Viel mehr gibt es momentan zu dem Thema Nachsorge und Krebserkrankung nicht zu berichten. Ich mache das Beste daraus und hoffe das ich irgendwann unbeschwert zu den Nachsorgeterminen gehen kann. Es gehört einfach zu meinem Leben und meine Aufgabe ist es, dies zu akzeptieren.

Life goes on


  1. beauty/beast

    11 Oktober

    Ich finde es wirklich unglaublich bewundernswert, wie du damit umgehst und auch das du deine Geschichte mit der Bloggerwelt teilst. Ich wünsche dir weiterhin ganz viel Kraft <3

  2. Lena Lämmert

    11 Oktober

    Hey Natalie,
    Schön, dass du deine Erlebnisse mit uns teilst! Und schön zu hören, dass sich bisher nichts neues gebildet hat. Ich drücke weiterhin die Daumen!
    Ich selbst hatte vor 5 1/2 Jahren Lymphdrüsenkrebs, das hieß dann 4 Monate Chemo mit allem was dazu gehört. Glücklicherweise hat die Chemo direkt angeschlagen, wodurch mir die Bestrahlung erspart blieb. Auch ich muss (mittlerweile nur noch einmal im Jahr) zur Nachsorge, und da hat man schon immer ein komisches Gefühl..
    Toitoitoi dir weiterhin, und wenn ich die Tage mal etwas Zeit habe, werde ich auf jeden Fall mal deine ganze Geschichte lesen 🙂
    Liebe Grüße, Lena

  3. Evy

    11 Oktober

    DAnke, dass du das für deine Leser aufgeschrieben hast 🙂 Du hast das so positiv aufgeschrieben 🙂 Und ja, manche Leute gehen einfach und man kann nix tun.

  4. Madlen

    14 Oktober

    Hey Natalie,

    ein toller Post bei dem mir so unendlich viele Tränen grad geflossen sind.
    Ich weiß nicht, ob du es mitbekommen hast über Facebook oder Instagram, aber du wusstest ja, dass mein Papa Lungenkrebs hatte. Vor 5 Wochen hat er den Kampf verloren 🙁 Die letzten zwei Monate waren echt schwer für uns alle, denn er pendelte immer zwischen daheim und Krankenhaus. Zuletzt im August war er austherapiert, man konnte nichts mehr tun. Zwei Wochen später hat ihn Gott erlöst!

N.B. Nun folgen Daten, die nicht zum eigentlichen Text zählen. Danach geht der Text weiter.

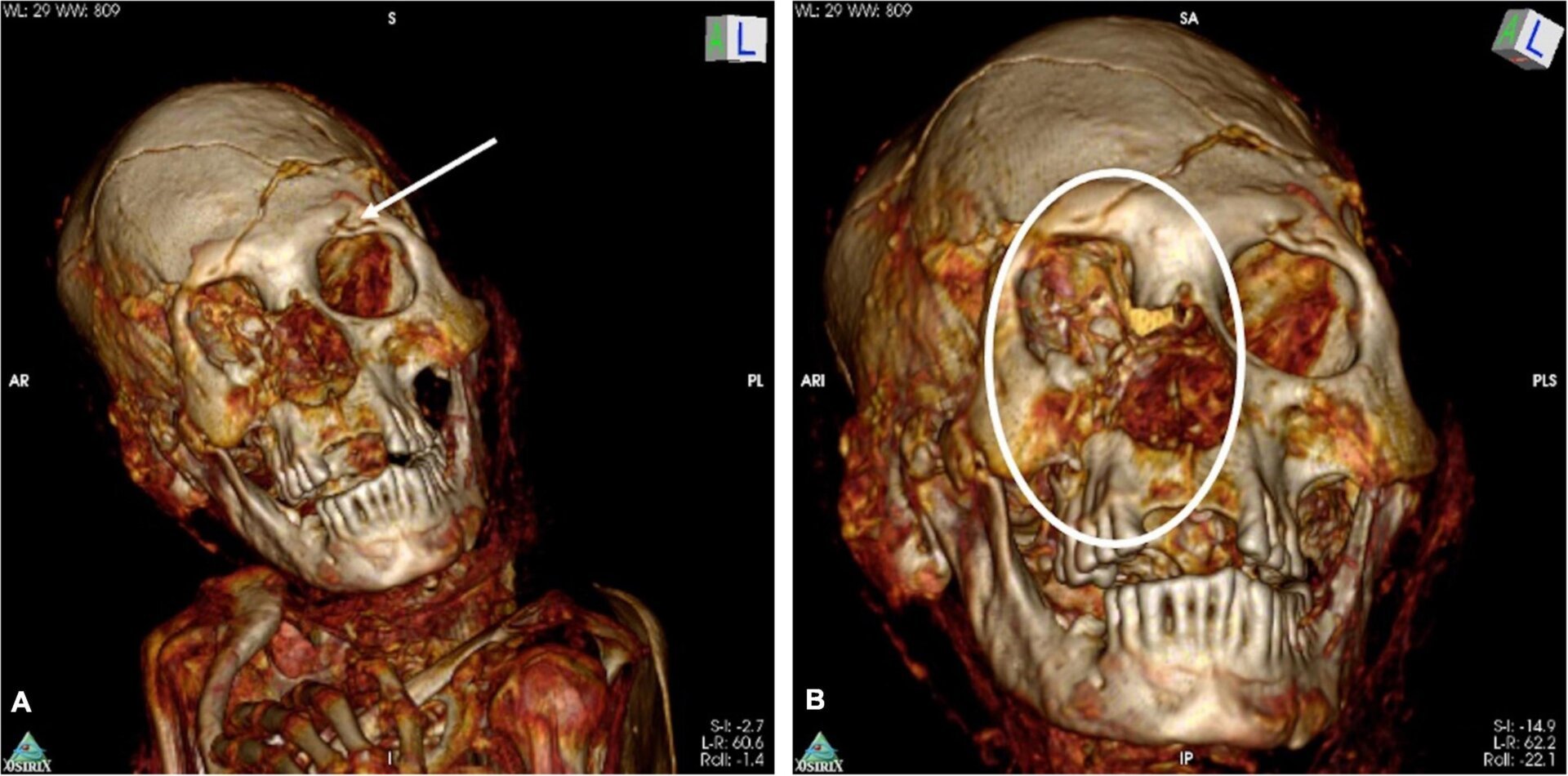 CT Scans Reveal Two 1,000-Year-Old South American Mummies Were Likely Murdered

    Die Angst, die du hier ganz und gar menschlich beschreibst, hatte mein Papa auch. Diese Angst trägt jeder in uns und irgendwann kommt sie nunmal zum Vorschein. Mein Papa musste deswegen starke Tabletten nehmen – auch Antidepressia. Und auch wenn er nun seinen Frieden hat, müssen wir mit den letzten zwei Jahren fertig werden. Wir haben mitgelitten, mitgekämpft, geweint, geflucht, waren wütend auf diesen Scheiß Krebs – und trotzdem nimmt er einem Menschen das Leben! Ich hoffe das die Medizin in dieser Hinsicht noch weiter forscht und es irgendwann nicht mehr dazukommen muss, dass der Betroffene und die Angehörigen so leiden müssen.

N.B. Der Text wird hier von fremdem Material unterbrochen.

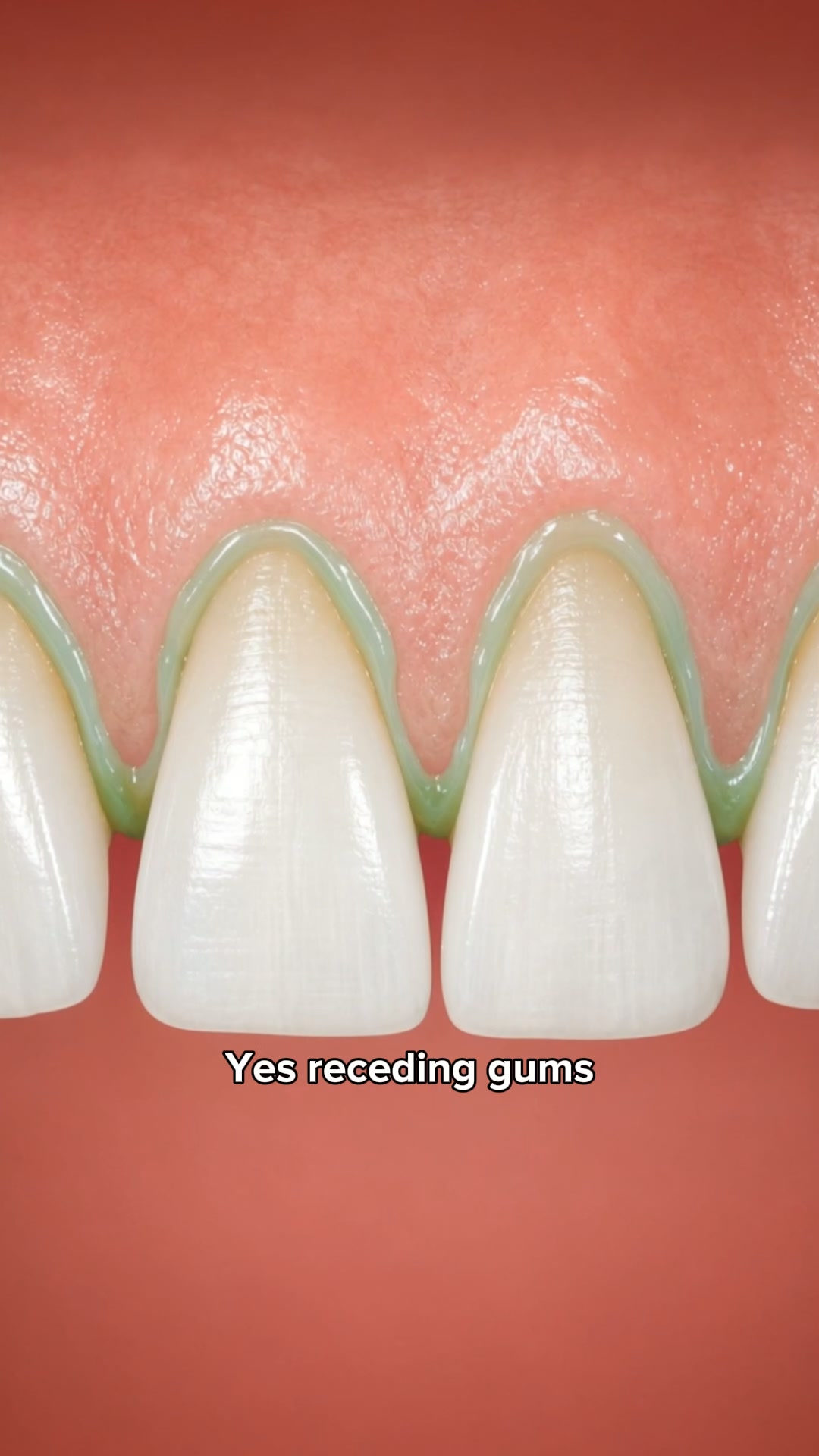 My Gums Kept Pulling Back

    Ich sag's ganz und gar ehrlich, ich bin mittlerweile fertig mit den Nerven und ich suche gerade schnellstmöglich nach einem Therapieplatz, denn ich habe das Gefühl ich brauche professionelle Hilfe im Bezug auf die letzten Jahre und das Verarbeiten der Trauer.

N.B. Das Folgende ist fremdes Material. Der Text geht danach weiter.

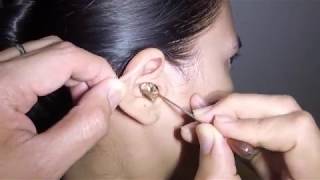 Womans Earwax Finally Removed after 25 Years [upl. by Shoshana]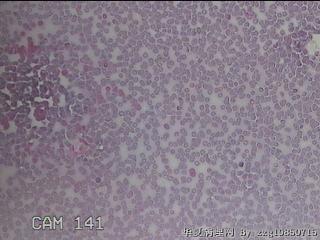 甲状腺细胞学图25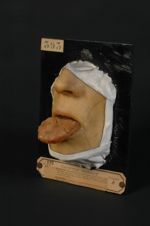 Épithéliome spino-cellulaire sur leucoplasie de la langue, avec infiltration cancéreuse de toute la  [...]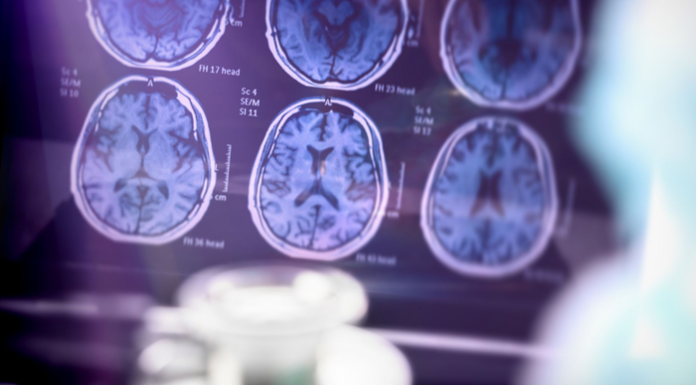 Alzheimer: caso de Fernando Henrique Cardoso chama atenção para os desafios da doença que afeta milhões de idosos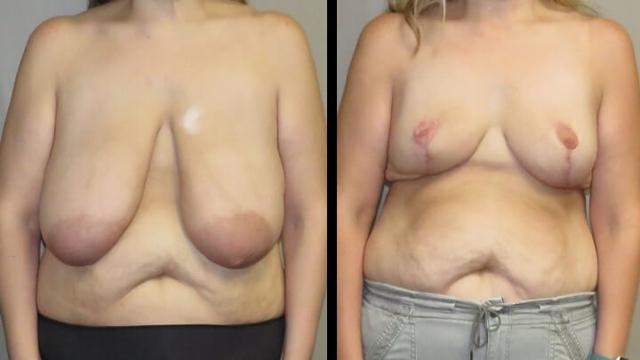 Breast Lift result at Maier Plastic Surgery in Cincinnati, OH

    Ich bin froh, dass es bei dir positiv weiter verläuft und das wünsche ich dir auch für die nächste Zeit. Bleib stark und sieh positiv in die Zukunft. Alles Gute! 🙂

    • natalieorlob

      14 Oktober

      Liebe Madlen, ja auf Instagram habe ich es mitbekommen. Ich habe ich aber bewusst nicht bei dir gemeldet, bei so einer schlimmen Situation ist es wie ich finde schwer die richtigen Worte zu finden und ich kann mir vorstellen, dass du lieber deine Ruhe wolltest. Es fällt Angehörigen ja auch schwer, wenn sie ständig wieder damit konfrontiert werden.
      Ich kann mir sehr gut vorstellen, dass du mit deinen Nerven am Ende bist, so eine Sache ist schrecklich und ich denke, für die Angehörigen genauso schlimm wie für die betreffende Person. Dein Papa hatte ja echt eine böse Version dieses scheiß Krebses und wenn man dann auch noch die Gewissheit hat, nichts tun zu können, beginnen schreckliche Wochen und Monate. Deswegen finde ich es super gut, dass du dir bewusst und klar bist, dass du Hilfe benötigst. Es gibt auch spezielle Therapien für die Trauerbewältigung bei Krebspatienten, hier sollte man recht schnell einen Platz bekommen.
      Und auch wenn es schwer fällt, Igel dich nicht ein, geh unter Leute und beginne wieder zu leben, sei egoistisch und denk auch mal an dich.
      Ich wünsche dir nur das Beste. 🙂

  5. San Dra

    15 Oktober

    Gugug,
    erst einmal ganz toller Post, den ich sehr ergreifend finde. Ich finde es unglaublich toll, wie stark du rüber kommst!!!!!
    Ich wünsche dir alles alles Gute und vorallem ganz ganz viel Gesundheit.